Bank of Korea (BOK) Governor Rhee Chang-yong and other monetary policymakers decided to leave the benchmark seven-day repurchase rate unchanged at 3.50 percent.
The decision was not made unanimously as one policymaker cast a dissenting vote to claim a rate hike.
It was in line with market expectations. According to the Korea Financial Investment Association's poll of 100 fixed-income experts, a total of 66 percent predicted the rate freeze this month.
The BOK had delivered seven back-to-back rate hikes between August 2021 and January 2023, raising its policy rate by 3.0 percentage points from a record low of 0.50 percent.
The BOK said in a statement that the monetary policy board deemed it warranted to judge whether the policy rate needs to rise further while maintaining the restrictive policy stance for a considerable time with an emphasis placed on ensuring price stability.
Expectations remained high for the BOK to hike rates further amid the still high inflation and the wider gap between the South Korean and the U.S. interest rates.
The country's consumer prices rose 5.2 percent in January from a year earlier, staying above 5 percent for the ninth consecutive month.
The BOK had been under pressure to quell the high headline inflation, which far exceeded the central banks' mid-term inflation target of 2 percent.
Inflation expectations, which measure the outlook among consumers over headline inflation for the next 12 months, stood at 4.0 percent in February, up 0.1 percentage point from the previous month.
The BOK said it was forecast that inflation will continue to be above the target level throughout the year although it was projected to gradually decrease.

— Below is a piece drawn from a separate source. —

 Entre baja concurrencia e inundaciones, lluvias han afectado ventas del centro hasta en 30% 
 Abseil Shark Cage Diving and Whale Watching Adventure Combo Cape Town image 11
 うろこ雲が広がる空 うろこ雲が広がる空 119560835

The U.S. Federal Reserve's fast rate hikes put the BOK on alert as the belated response may force foreign funds out of the South Korean financial market and cut the value of the domestic currency versus the U.S. dollar.

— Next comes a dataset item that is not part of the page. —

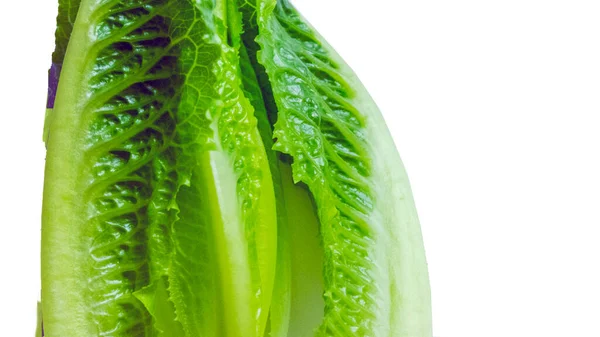Lettuce Grön Romaine Isolerad Vit Bakgrund Bild Mall — Stockfoto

The depreciation of the local currency would increase energy import costs, putting additional inflationary pressures on the South Korean economy.
The Fed lifted its target range for the federal funds rate by 0.25 percentage points to 4.50-4.75 percent earlier this month, widening the gap with South Korea's policy rate.
Expectations ran high for the Fed to tighten its monetary policy stance further later this year to rein in inflation.
New York Fed President John Williams said earlier this month that the Fed's forecast of a peak short-term rate of 5 percent to 5.25 percent was reasonable, noting that the Fed needed to maintain "restrictive" interest rates for a few years to curb inflation.
The BOK said the Fed's terminal rate would be higher than previously expected after the announcement of U.S. labor market and price indicators exceeding market expectations.
Concerns deepened over an economic downturn on the back of weaker global demand and high interest rates.
The BOK said the domestic economic growth was expected to remain weak, affected by the global economic slump and the increase in interest rates.
South Korea's export dropped 16.6 percent in January from a year earlier, continuing to fall for the fourth successive month.
Real gross domestic product (GDP), adjusted for inflation, shrank 0.4 percent during the October-December quarter in 2022 compared to the previous quarter, marking the first reduction in two and a half years.
Higher borrowing costs would expand the debt-servicing burden for households, which have suffered from massive debts.
Bank loans to households dwindled last year on higher lending rates, but it stayed near the record-high level owing to the home purchase with borrowed money.
The increased debt-servicing burden was expected to weigh down on private consumption, while high inflation may lessen real income for households.